[[ The records open ]]
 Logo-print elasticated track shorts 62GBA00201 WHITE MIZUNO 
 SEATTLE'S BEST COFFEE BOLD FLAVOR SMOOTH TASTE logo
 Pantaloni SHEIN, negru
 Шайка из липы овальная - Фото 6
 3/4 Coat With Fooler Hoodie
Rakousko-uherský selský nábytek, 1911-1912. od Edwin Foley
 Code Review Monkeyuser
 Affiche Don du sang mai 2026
[[ The records closed ]]
[[ The records open ]]
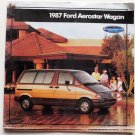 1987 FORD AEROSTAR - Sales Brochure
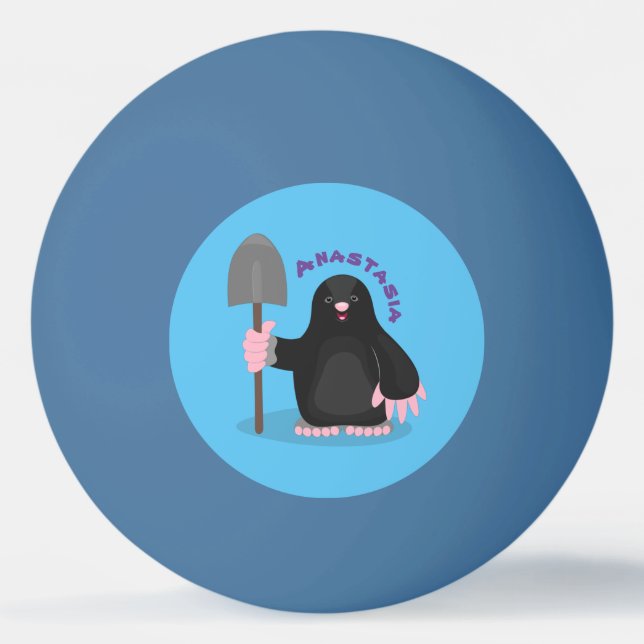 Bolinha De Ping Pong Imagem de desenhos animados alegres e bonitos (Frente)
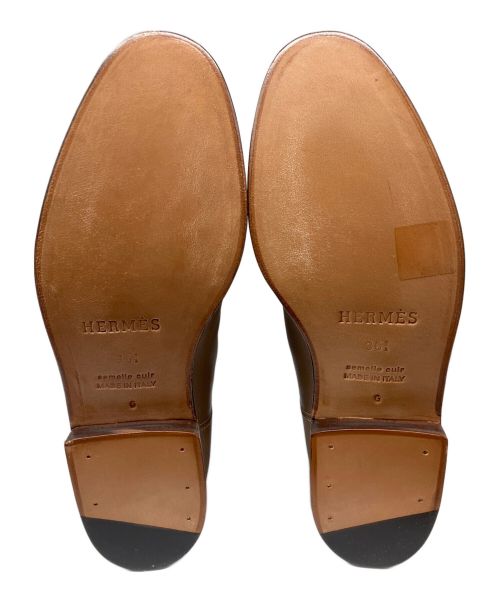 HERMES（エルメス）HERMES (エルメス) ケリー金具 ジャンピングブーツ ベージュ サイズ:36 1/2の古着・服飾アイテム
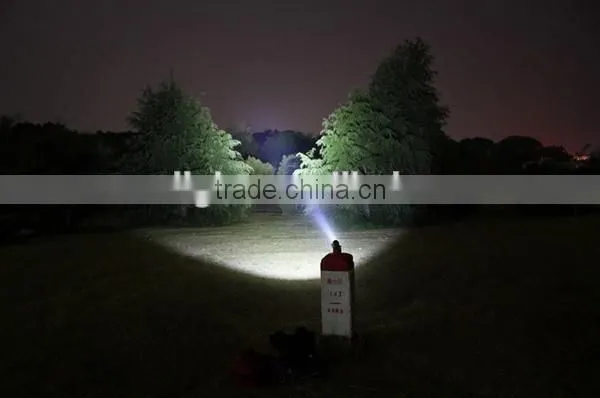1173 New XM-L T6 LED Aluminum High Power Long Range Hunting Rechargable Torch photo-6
[[ The records closed ]]
### What is required
Look above for the line with "1987 FORD AEROSTAR - Sales Brochure" and the line with "1173 New XM-L". Output those two and everything between them exactly, pictures excluded.

### Answer below
 1987 FORD AEROSTAR - Sales Brochure
 Bolinha De Ping Pong Imagem de desenhos animados alegres e bonitos (Frente)
 HERMES（エルメス）HERMES (エルメス) ケリー金具 ジャンピングブーツ ベージュ サイズ:36 1/2の古着・服飾アイテム
1173 New XM-L T6 LED Aluminum High Power Long Range Hunting Rechargable Torch photo-6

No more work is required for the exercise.